Thanks ahead of time for any info.


----------



## Pete Thornton (Jan 2, 2008)

Does any manufacturer make short freight cars with two 
trucks that are similar in length to the two-axil ones I have? 
Bachmann makes a group of short 20' freight cars that may be about the same size as your 2-axle cars. Model 95699 seems to be still in production, and 95327 is still available from Wolesale Tains: http://www.wholesaletrains.com/GProducts2.asp?Scale=G&Item=160FreightCar&offset=50 . They are actually 1:22.5, so at 20' they are about 10 3/4 " long. 

You may also be able to make the couplers pivot slightly?


----------



## Totalwrecker (Feb 26, 2009)

Do not be fooled by 'Available' that does not mean In Stock, it just means that they think they can get one for you and will gladly hold your money or cc ticket until they can send it to you. 
Always call and verify In Stock from a person. 

Good Luck 
John


----------



## Jerry Barnes (Jan 2, 2008)

You can get MDC cars on ebay, but they are 1/32nd. You could make some cars, not all that hard to do. I like the MDC stuff, I think it looks fine with my 1/29 and 1/32 locomotives.


----------



## Randy Stone (Jan 2, 2008)

Although I recently sold them, I modified several Aristo Craft 2 axle 20 foot frt cars by installing 2 axle trucks on them.
I still have the Aristo Craft bobber caboose that I installed 2 axle trucks on.


----------



## JD Uke (Jul 11, 2011)

I didn't look at Bachmann stuff at first because of the 1/22.5 scale. Most of my stuff is 1/29, but I'm not a purist when it comes to scale, so it likely will suit my needs. And yes, I've learned to check that items are in stock and ready to ship when ordering on line. 

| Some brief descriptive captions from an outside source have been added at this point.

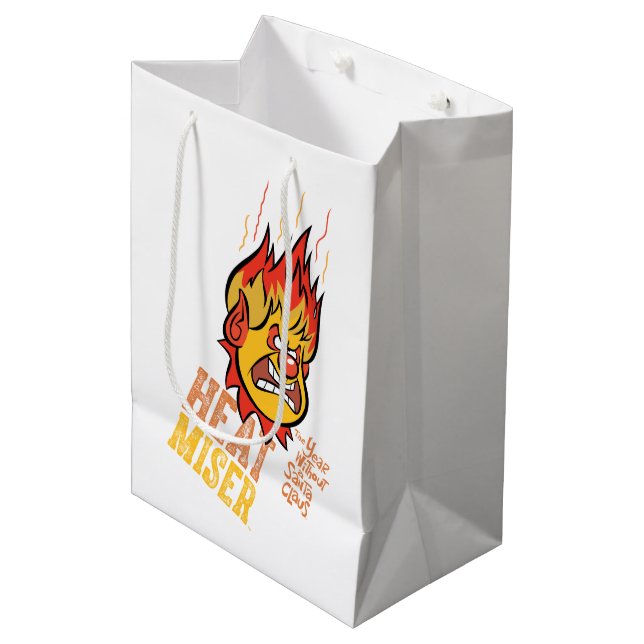DAS JAHR OHNE SANTA CLAUS™ Heat Miser Fuming Mittlere Geschenktüte (Vorderseite Schrägansicht)
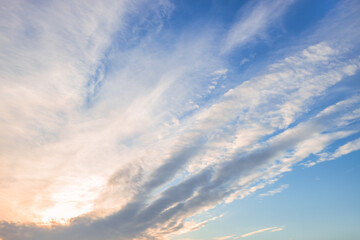 A beautiful sky tinted by the sun leaving vibrant shades of gold, pink, blue and multicolored. Clouds in the twilight evening and morning sky. Cloudy sky background in the evening and during the day.
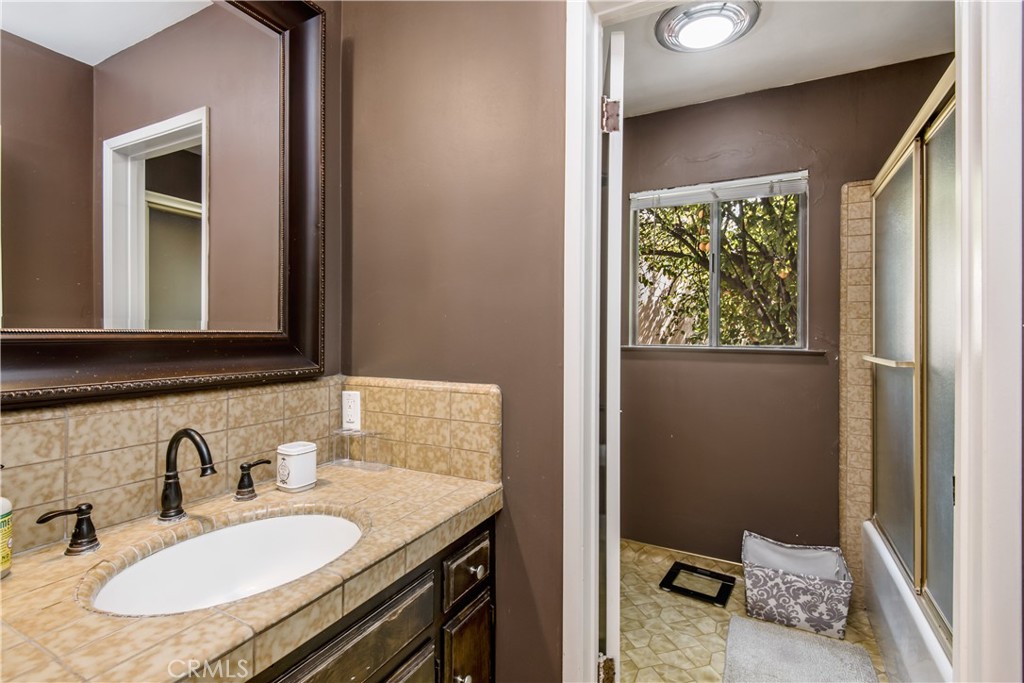 1036 Sherlock Drive Burbank, CA 91501 - Photo 20 of 28 a bathroom with a sink and a mirror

Rivette, your conversions look nice. I had thought of that possibility and will likely give it a try on some stock where I have duplicates. I assume that most trucks I order will be compatable my other roling stock, expecially since I use hook and loop. It would seem all I really need to pay attention to is that the truck and couplers clear the unit to turn freely. 

Thanks all for the info.


----------